§ **TASK DESCRIPTION**
Write out again, unchanged, the line that has "Uncle Dax Ftr Bus Lazoom Shirt" and each following line through the end of the entries below; leave pictures out.

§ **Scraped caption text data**
--- START ---

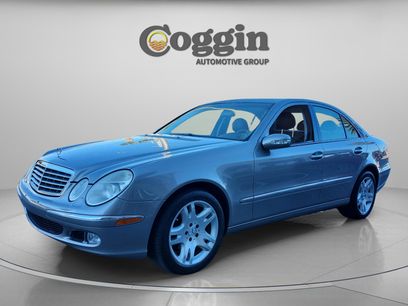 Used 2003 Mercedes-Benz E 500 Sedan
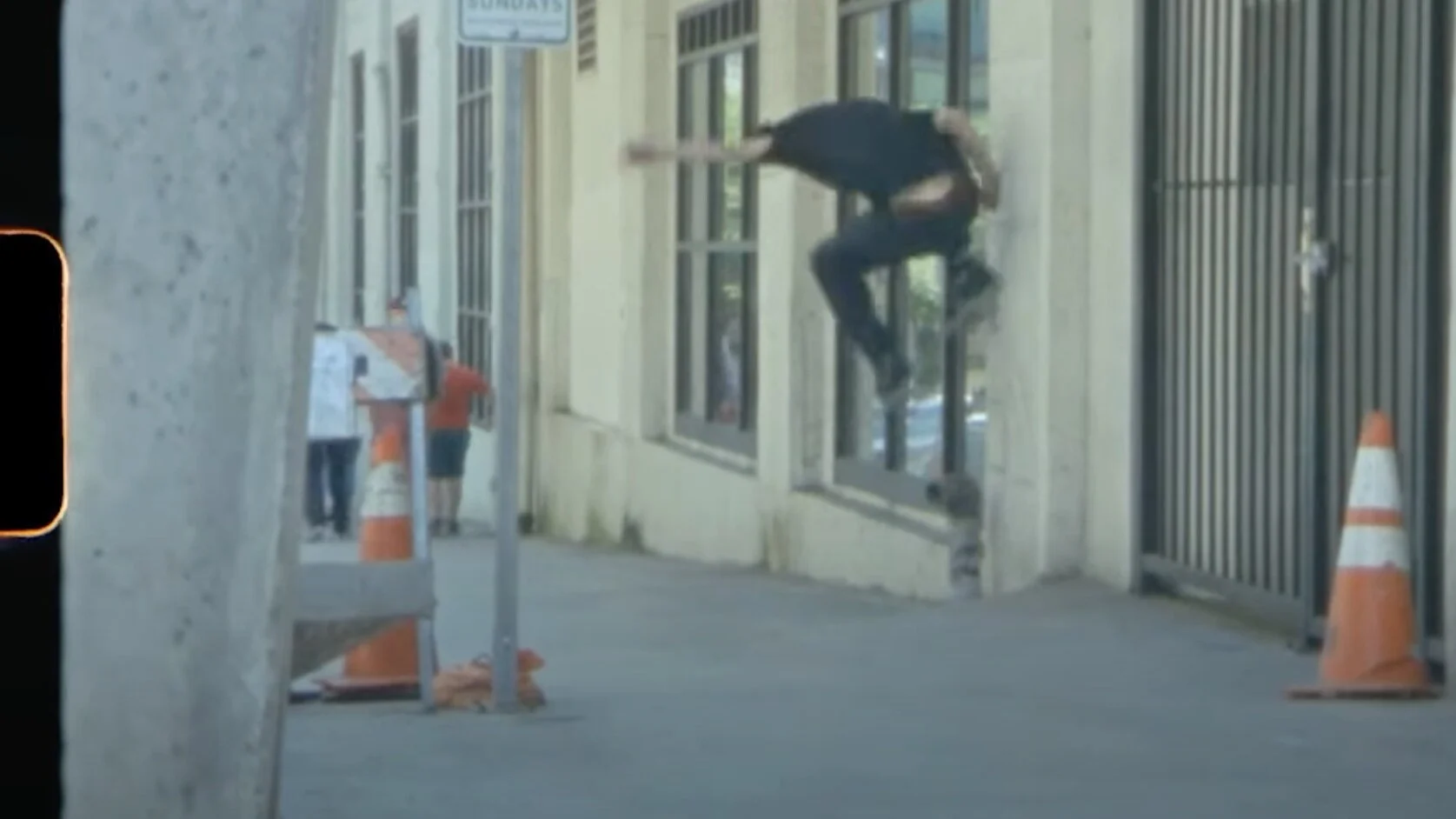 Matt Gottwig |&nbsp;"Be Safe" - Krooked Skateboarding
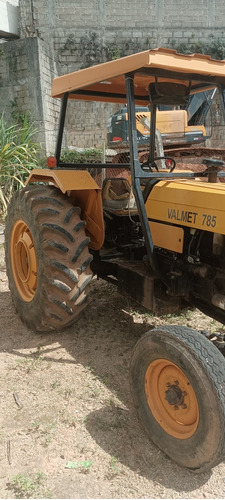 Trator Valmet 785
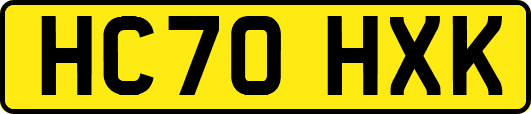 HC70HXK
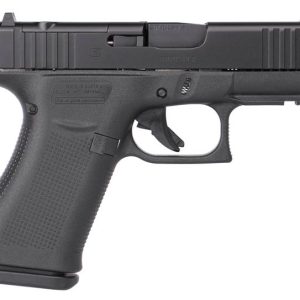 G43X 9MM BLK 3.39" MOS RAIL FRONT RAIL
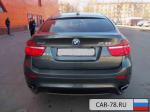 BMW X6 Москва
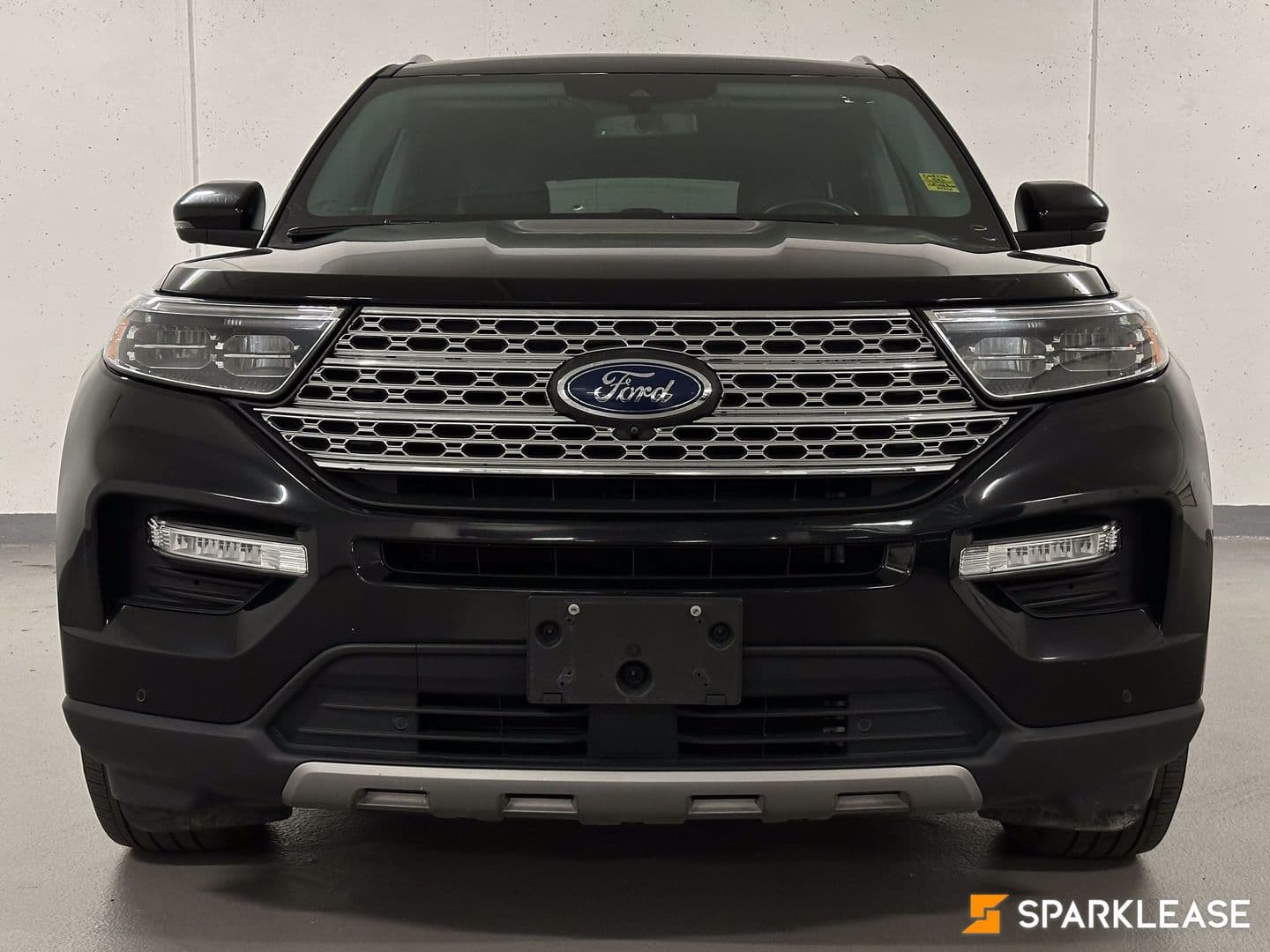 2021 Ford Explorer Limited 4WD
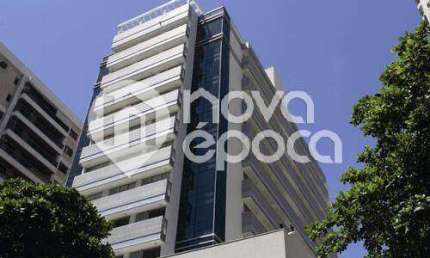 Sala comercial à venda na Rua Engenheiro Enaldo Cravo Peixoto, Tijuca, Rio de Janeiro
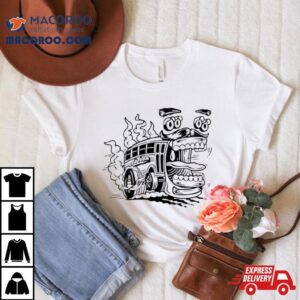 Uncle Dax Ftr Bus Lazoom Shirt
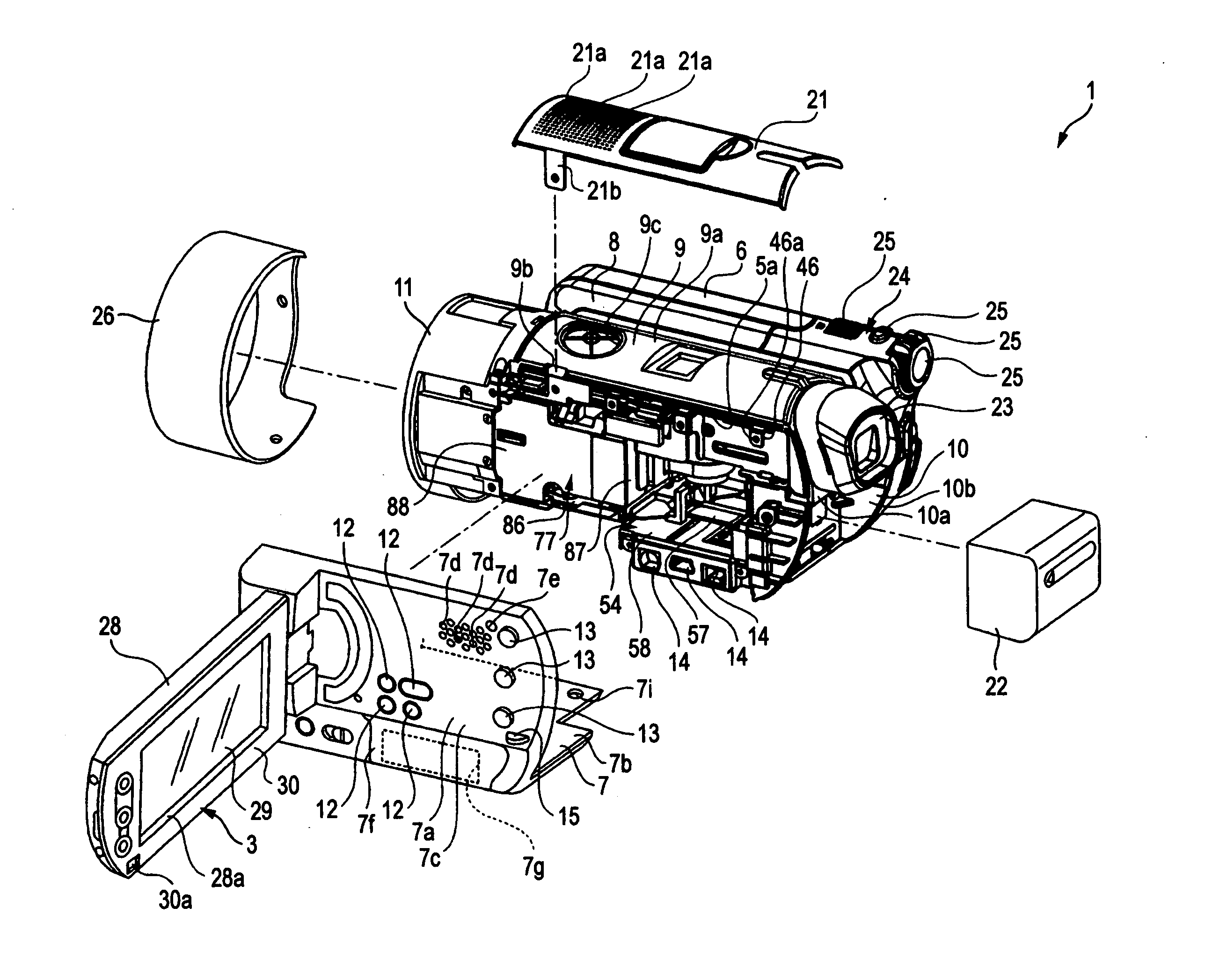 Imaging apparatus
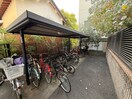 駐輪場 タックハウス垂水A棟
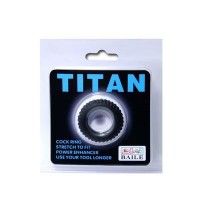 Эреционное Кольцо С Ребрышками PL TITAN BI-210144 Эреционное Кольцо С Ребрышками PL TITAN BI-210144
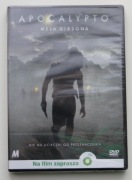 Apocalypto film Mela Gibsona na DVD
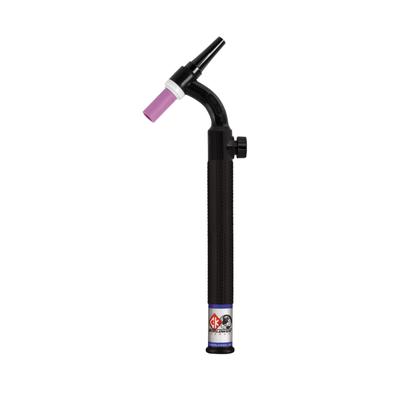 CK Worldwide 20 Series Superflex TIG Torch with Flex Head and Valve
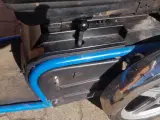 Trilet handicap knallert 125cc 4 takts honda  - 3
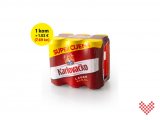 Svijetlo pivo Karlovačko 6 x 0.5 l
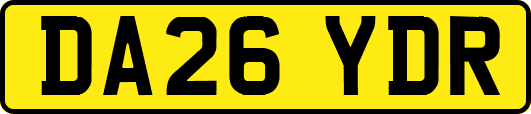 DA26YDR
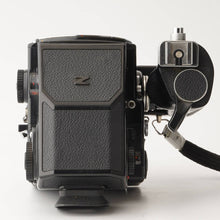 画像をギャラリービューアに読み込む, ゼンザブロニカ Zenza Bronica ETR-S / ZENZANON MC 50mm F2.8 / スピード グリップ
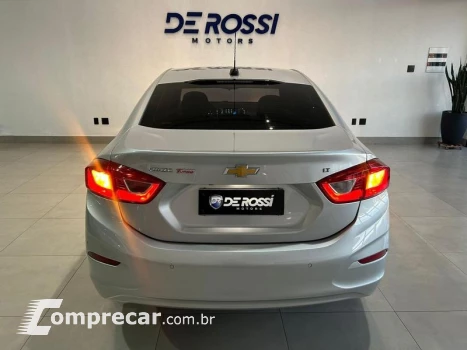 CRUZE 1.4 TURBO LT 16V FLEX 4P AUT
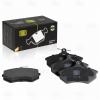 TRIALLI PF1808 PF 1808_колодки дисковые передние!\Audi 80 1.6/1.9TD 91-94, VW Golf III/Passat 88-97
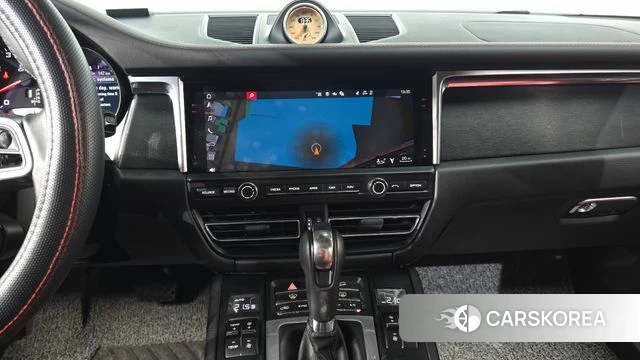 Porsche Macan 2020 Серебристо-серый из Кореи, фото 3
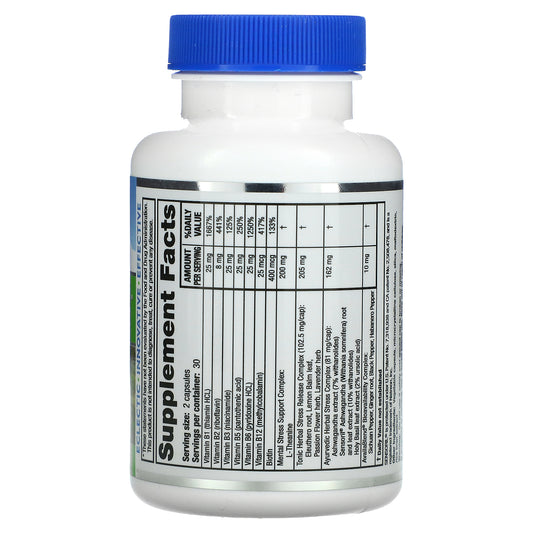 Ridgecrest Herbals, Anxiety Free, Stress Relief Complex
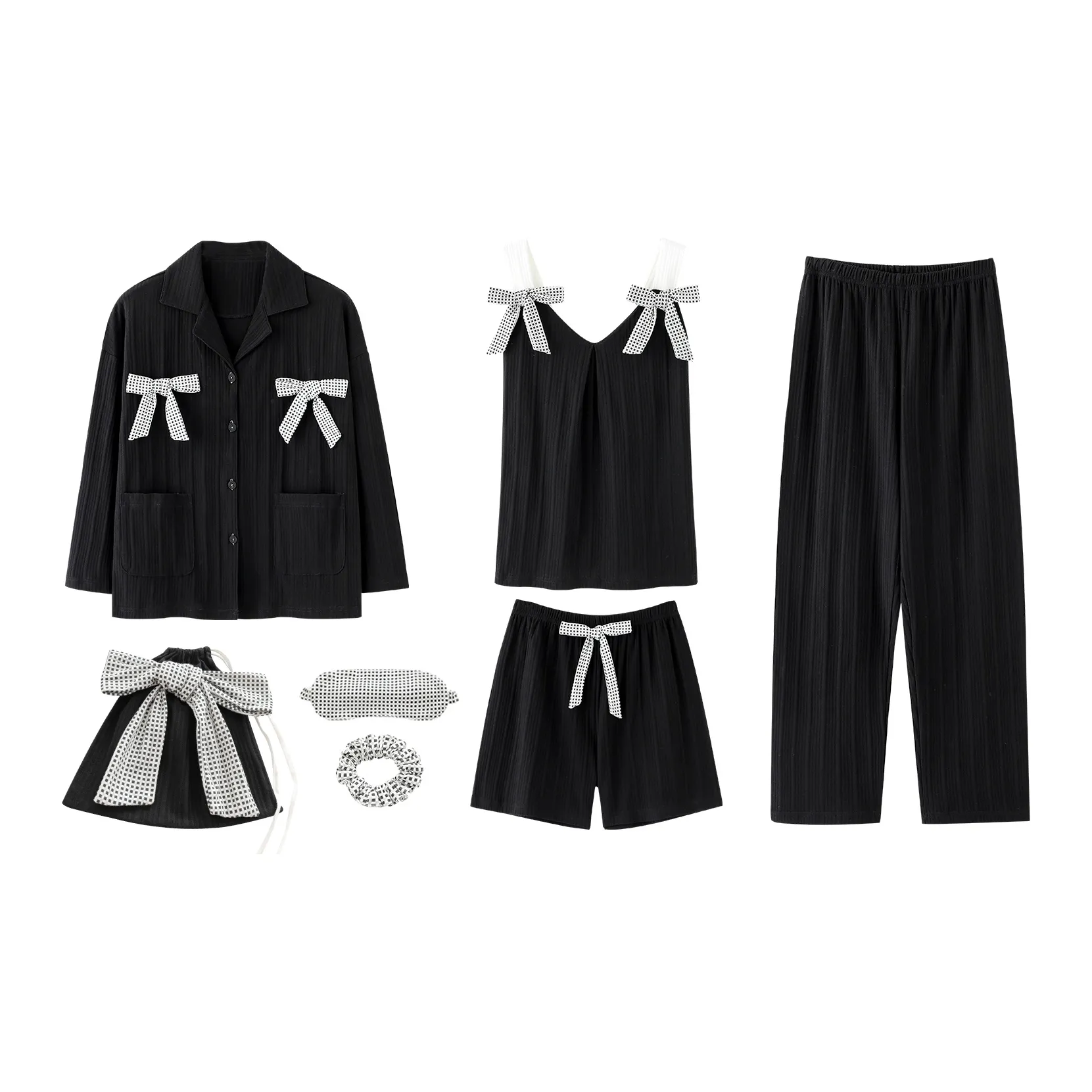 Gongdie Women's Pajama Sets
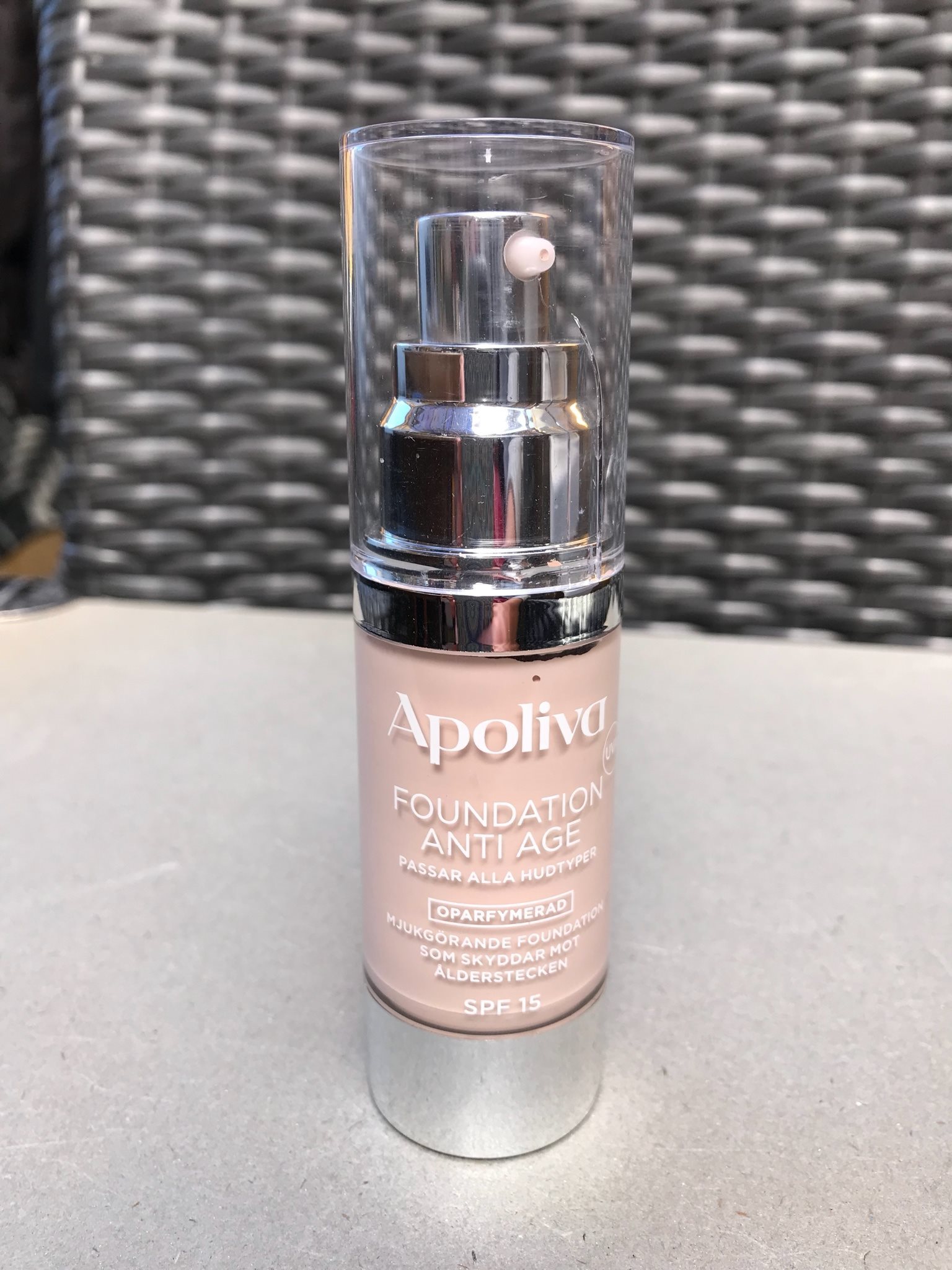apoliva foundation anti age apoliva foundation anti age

--- END ---

§ **COMPLETED EXERCISE**
 Uncle Dax Ftr Bus Lazoom Shirt
 Imaging apparatus
 駐輪場 タックハウス垂水A棟
 Эреционное Кольцо С Ребрышками PL TITAN BI-210144 Эреционное Кольцо С Ребрышками PL TITAN BI-210144
 Apocalypto film Mela Gibsona na DVD
 CK Worldwide 20 Series Superflex TIG Torch with Flex Head and Valve
 Trilet handicap knallert 125cc 4 takts honda  - 3
 Svijetlo pivo Karlovačko 6 x 0.5 l
 DA26YDR
 画像をギャラリービューアに読み込む, ゼンザブロニカ Zenza Bronica ETR-S / ZENZANON MC 50mm F2.8 / スピード グリップ
 CRUZE 1.4 TURBO LT 16V FLEX 4P AUT
 TRIALLI PF1808 PF 1808_колодки дисковые передние!\Audi 80 1.6/1.9TD 91-94, VW Golf III/Passat 88-97
 Porsche Macan 2020 Серебристо-серый из Кореи, фото 3
 Ridgecrest Herbals, Anxiety Free, Stress Relief Complex
 Gongdie Women's Pajama Sets
apoliva foundation anti age apoliva foundation anti age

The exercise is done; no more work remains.